DATA LISTING below:

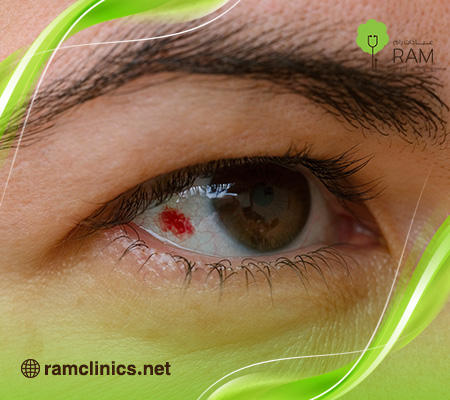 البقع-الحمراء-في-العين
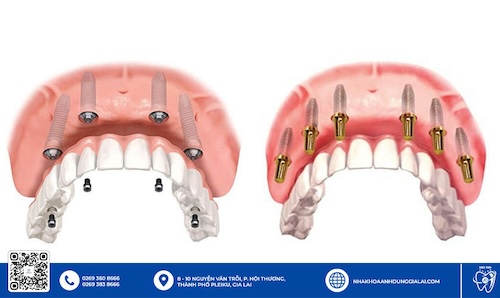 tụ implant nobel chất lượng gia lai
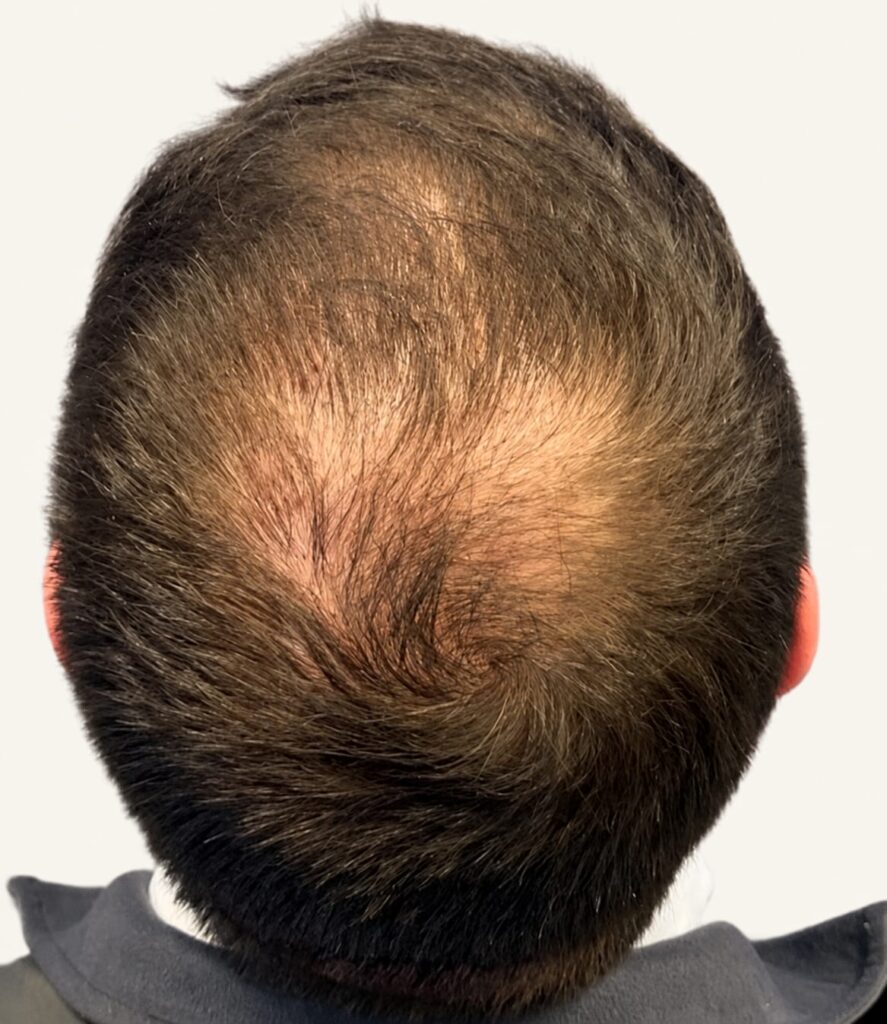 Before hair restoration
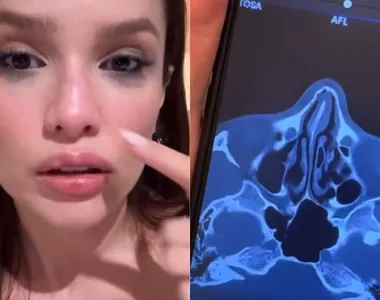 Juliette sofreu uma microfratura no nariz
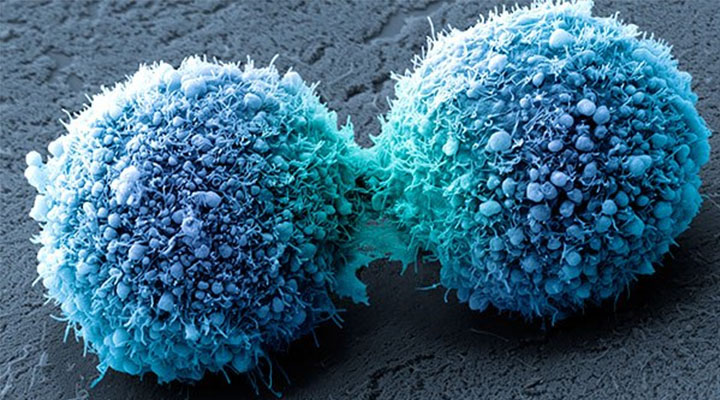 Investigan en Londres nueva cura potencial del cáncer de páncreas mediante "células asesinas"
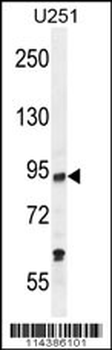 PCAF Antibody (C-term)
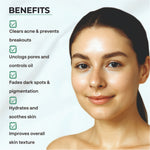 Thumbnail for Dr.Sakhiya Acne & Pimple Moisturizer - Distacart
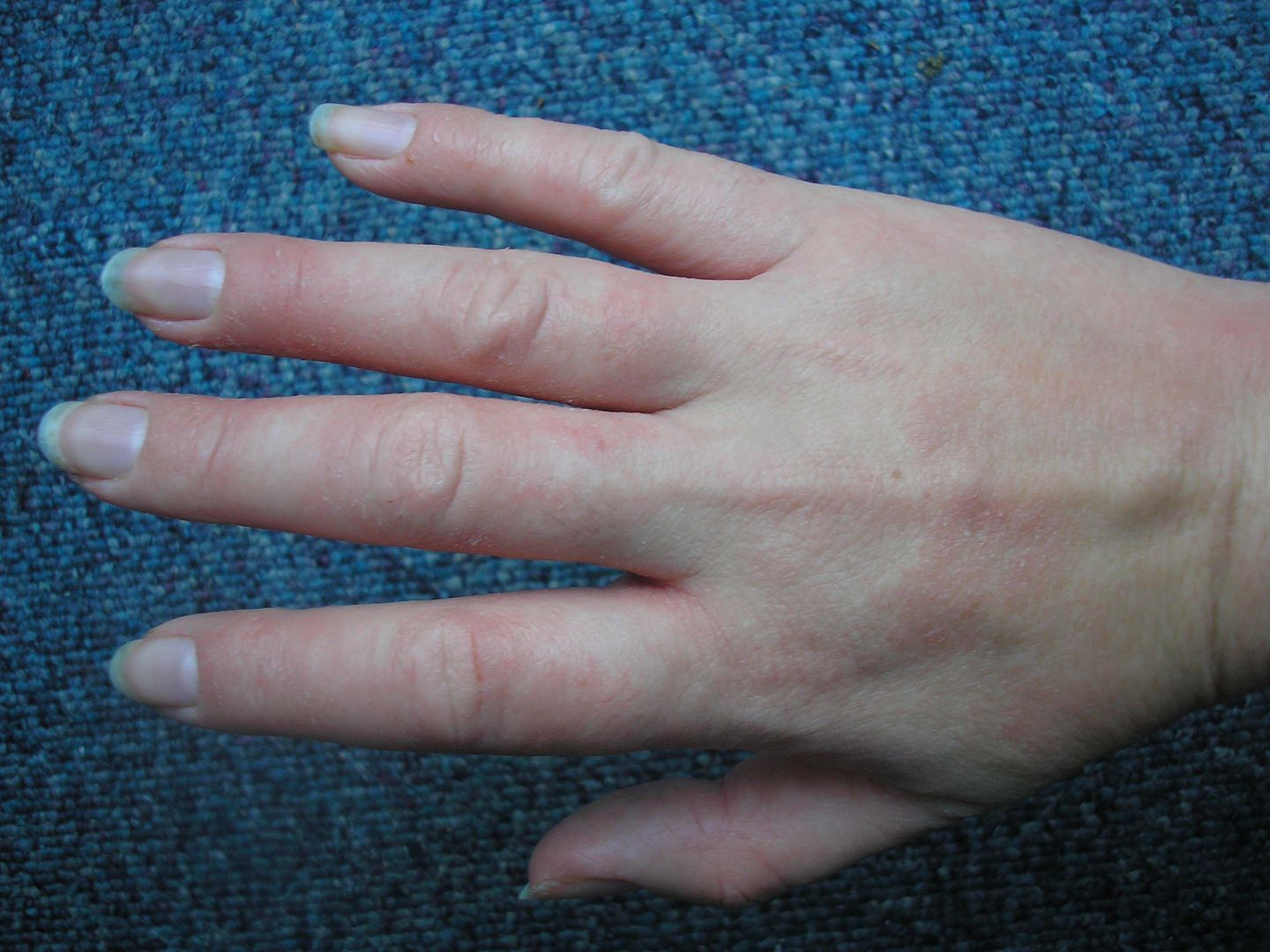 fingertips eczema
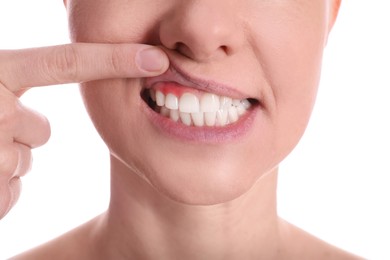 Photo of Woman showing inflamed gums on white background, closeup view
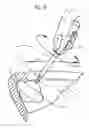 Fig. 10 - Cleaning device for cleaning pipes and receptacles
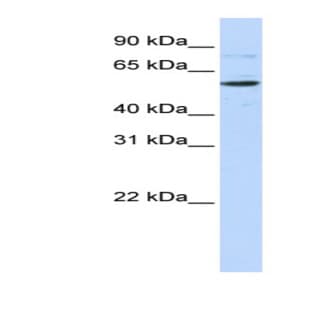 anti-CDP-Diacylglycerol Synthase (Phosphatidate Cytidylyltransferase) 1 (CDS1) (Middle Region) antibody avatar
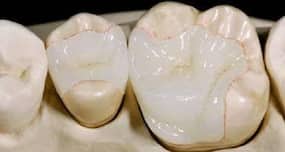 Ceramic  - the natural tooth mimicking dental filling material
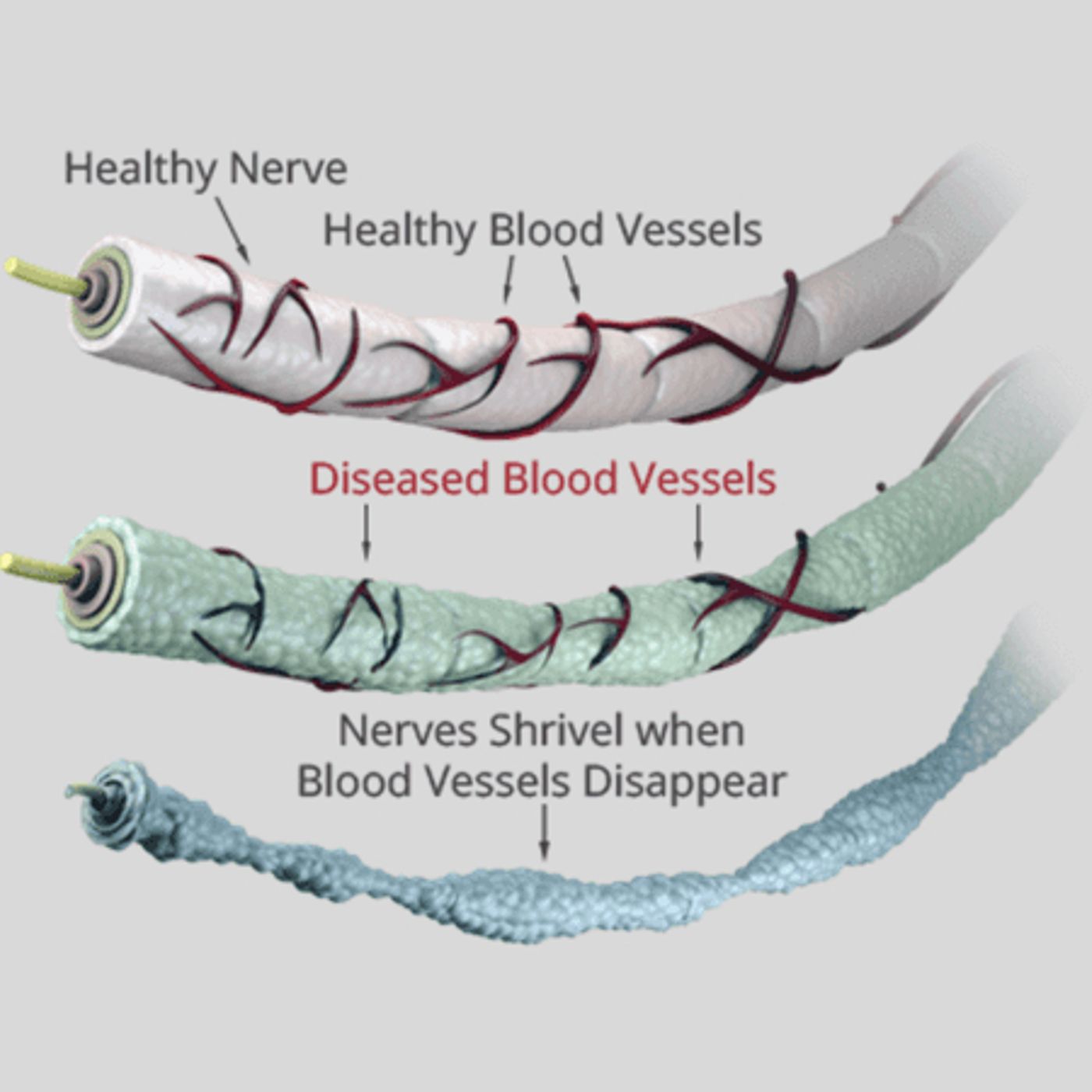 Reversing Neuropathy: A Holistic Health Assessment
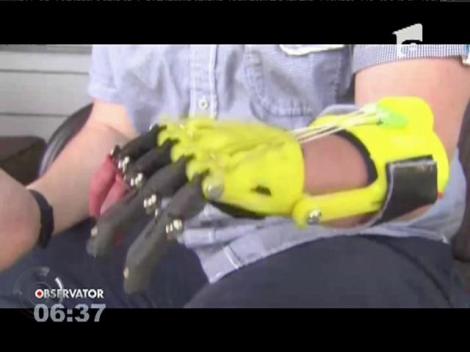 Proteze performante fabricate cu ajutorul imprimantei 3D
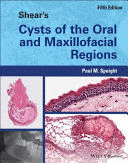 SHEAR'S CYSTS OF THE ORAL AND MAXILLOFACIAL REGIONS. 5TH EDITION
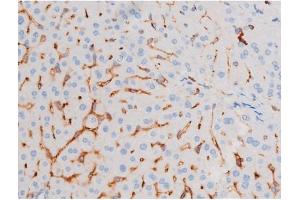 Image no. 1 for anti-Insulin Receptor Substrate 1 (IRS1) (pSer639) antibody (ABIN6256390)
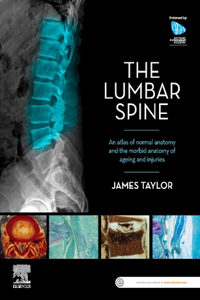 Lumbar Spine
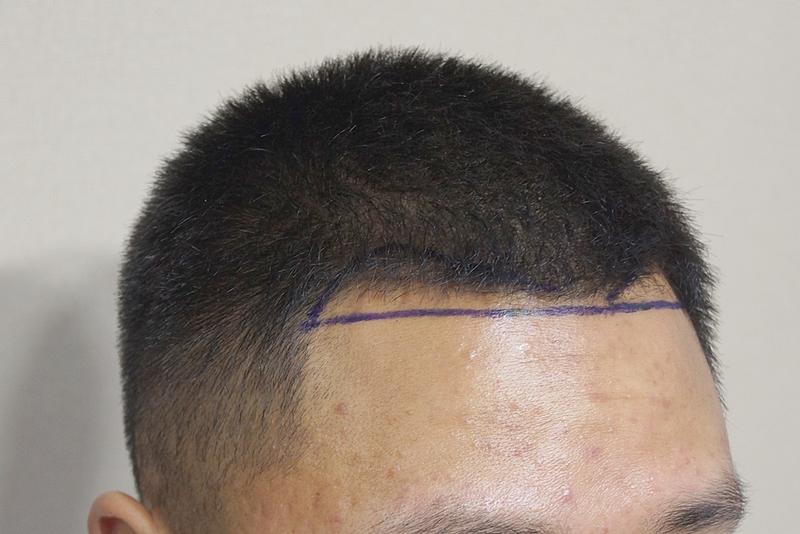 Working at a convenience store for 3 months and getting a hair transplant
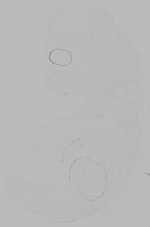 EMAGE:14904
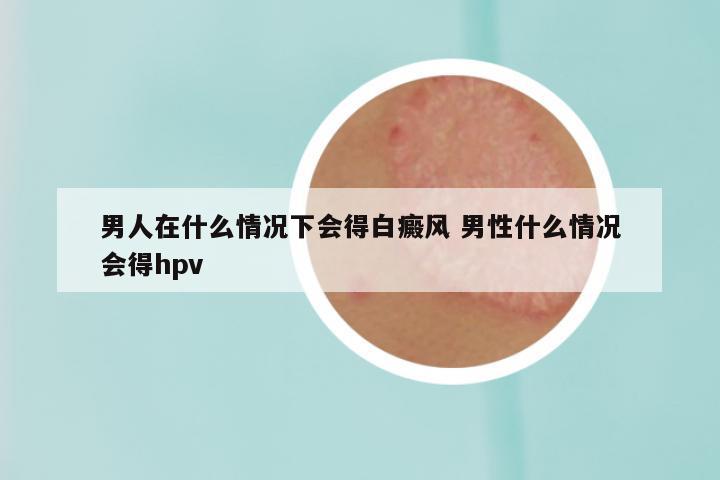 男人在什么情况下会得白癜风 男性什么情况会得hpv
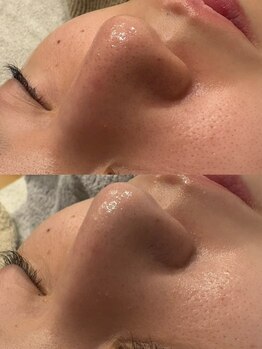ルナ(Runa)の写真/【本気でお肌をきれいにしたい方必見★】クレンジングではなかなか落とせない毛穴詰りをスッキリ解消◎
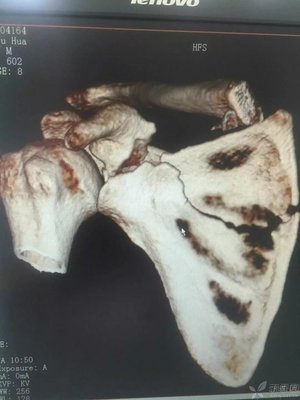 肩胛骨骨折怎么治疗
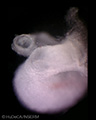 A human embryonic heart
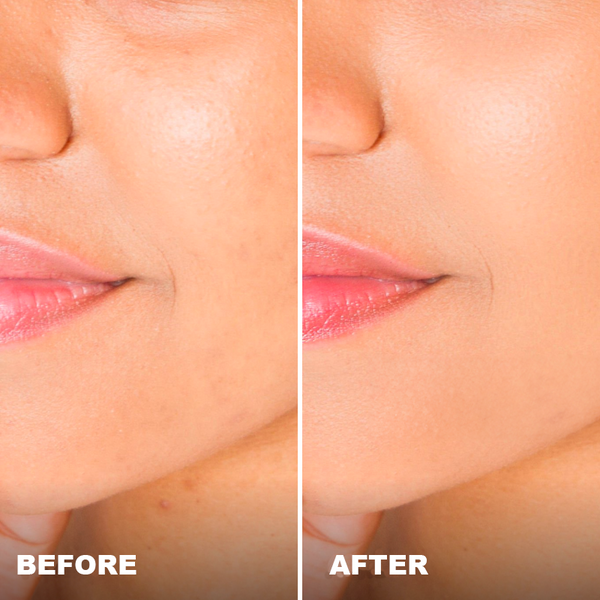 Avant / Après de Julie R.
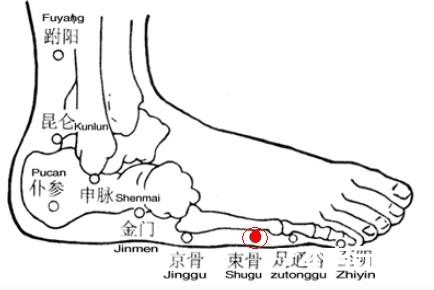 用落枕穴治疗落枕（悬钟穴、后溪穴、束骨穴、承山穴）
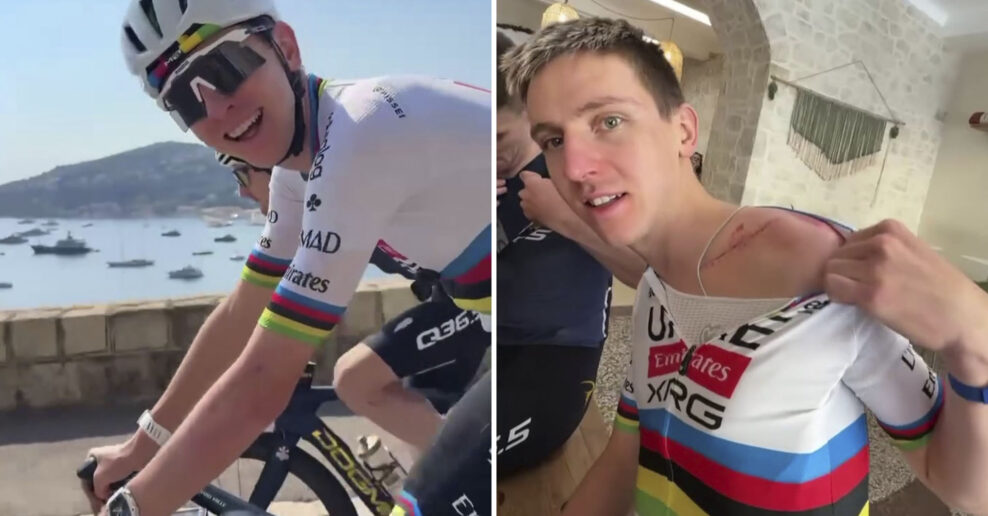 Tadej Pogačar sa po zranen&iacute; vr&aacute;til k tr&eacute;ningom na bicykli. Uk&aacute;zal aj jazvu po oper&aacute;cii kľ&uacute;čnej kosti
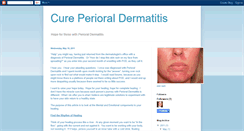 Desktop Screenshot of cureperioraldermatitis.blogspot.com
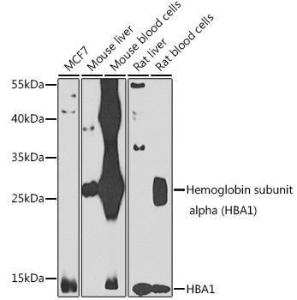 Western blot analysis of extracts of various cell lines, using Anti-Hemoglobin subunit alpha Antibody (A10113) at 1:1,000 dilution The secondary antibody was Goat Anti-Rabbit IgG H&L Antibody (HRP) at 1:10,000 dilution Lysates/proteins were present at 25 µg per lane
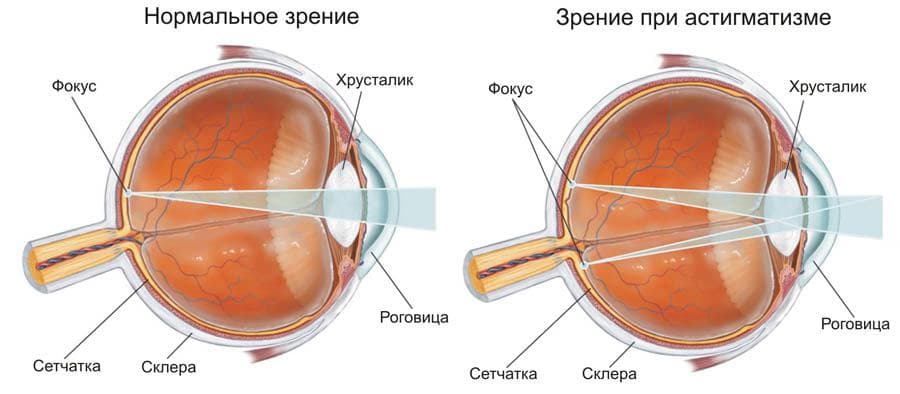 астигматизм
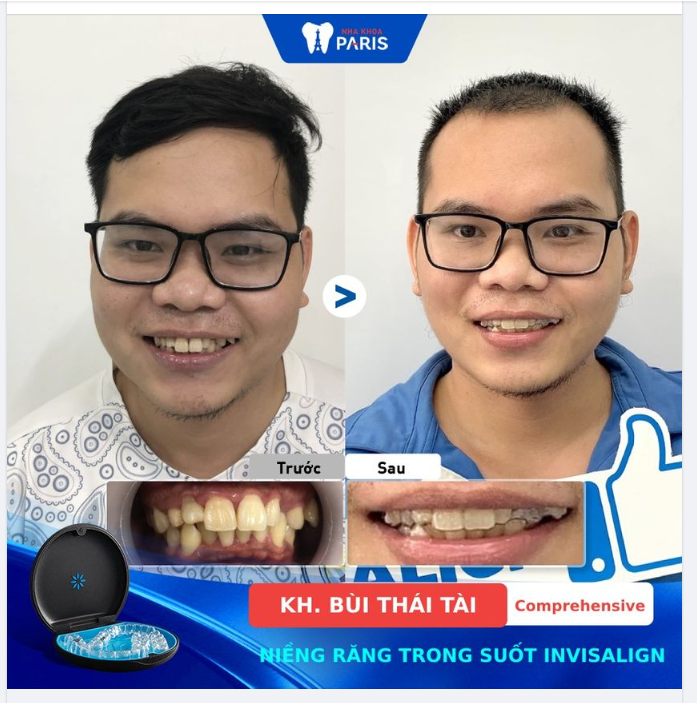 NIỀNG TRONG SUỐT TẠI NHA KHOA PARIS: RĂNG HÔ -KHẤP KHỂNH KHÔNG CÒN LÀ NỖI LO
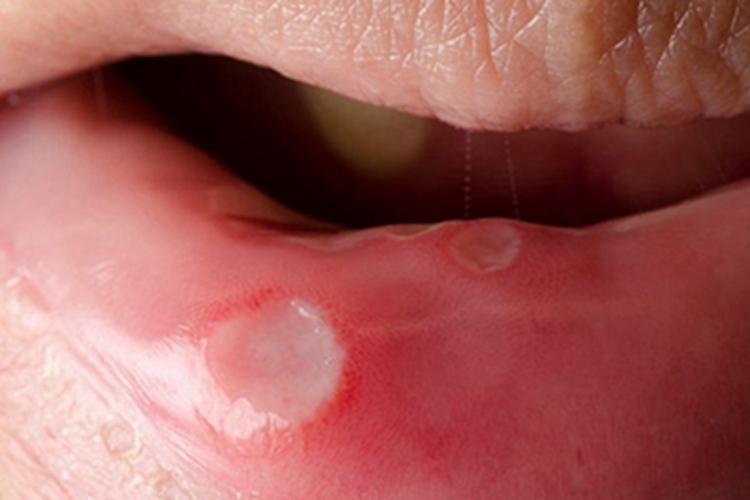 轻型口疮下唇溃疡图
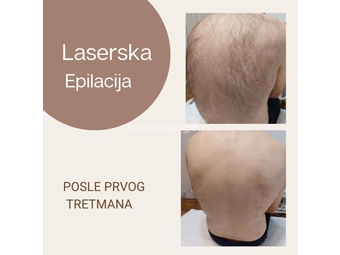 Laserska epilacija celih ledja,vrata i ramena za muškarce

End of DATA LISTING.

REQUIREMENT
Counting the line with "Image no. 1" and the last line of the data above, transcribe those two lines and every line between them exactly, without the pictures.

YOUR RESPONSE
 Image no. 1 for anti-Insulin Receptor Substrate 1 (IRS1) (pSer639) antibody (ABIN6256390)
 Lumbar Spine
 Working at a convenience store for 3 months and getting a hair transplant
 EMAGE:14904
 男人在什么情况下会得白癜风 男性什么情况会得hpv
ルナ(Runa)の写真/【本気でお肌をきれいにしたい方必見★】クレンジングではなかなか落とせない毛穴詰りをスッキリ解消◎
 肩胛骨骨折怎么治疗
 A human embryonic heart
 Avant / Après de Julie R.
 用落枕穴治疗落枕（悬钟穴、后溪穴、束骨穴、承山穴）
 Tadej Pogačar sa po zranen&iacute; vr&aacute;til k tr&eacute;ningom na bicykli. Uk&aacute;zal aj jazvu po oper&aacute;cii kľ&uacute;čnej kosti
 Desktop Screenshot of cureperioraldermatitis.blogspot.com
 Western blot analysis of extracts of various cell lines, using Anti-Hemoglobin subunit alpha Antibody (A10113) at 1:1,000 dilution The secondary antibody was Goat Anti-Rabbit IgG H&L Antibody (HRP) at 1:10,000 dilution Lysates/proteins were present at 25 µg per lane
 астигматизм
 NIỀNG TRONG SUỐT TẠI NHA KHOA PARIS: RĂNG HÔ -KHẤP KHỂNH KHÔNG CÒN LÀ NỖI LO
 轻型口疮下唇溃疡图
 Laserska epilacija celih ledja,vrata i ramena za muškarce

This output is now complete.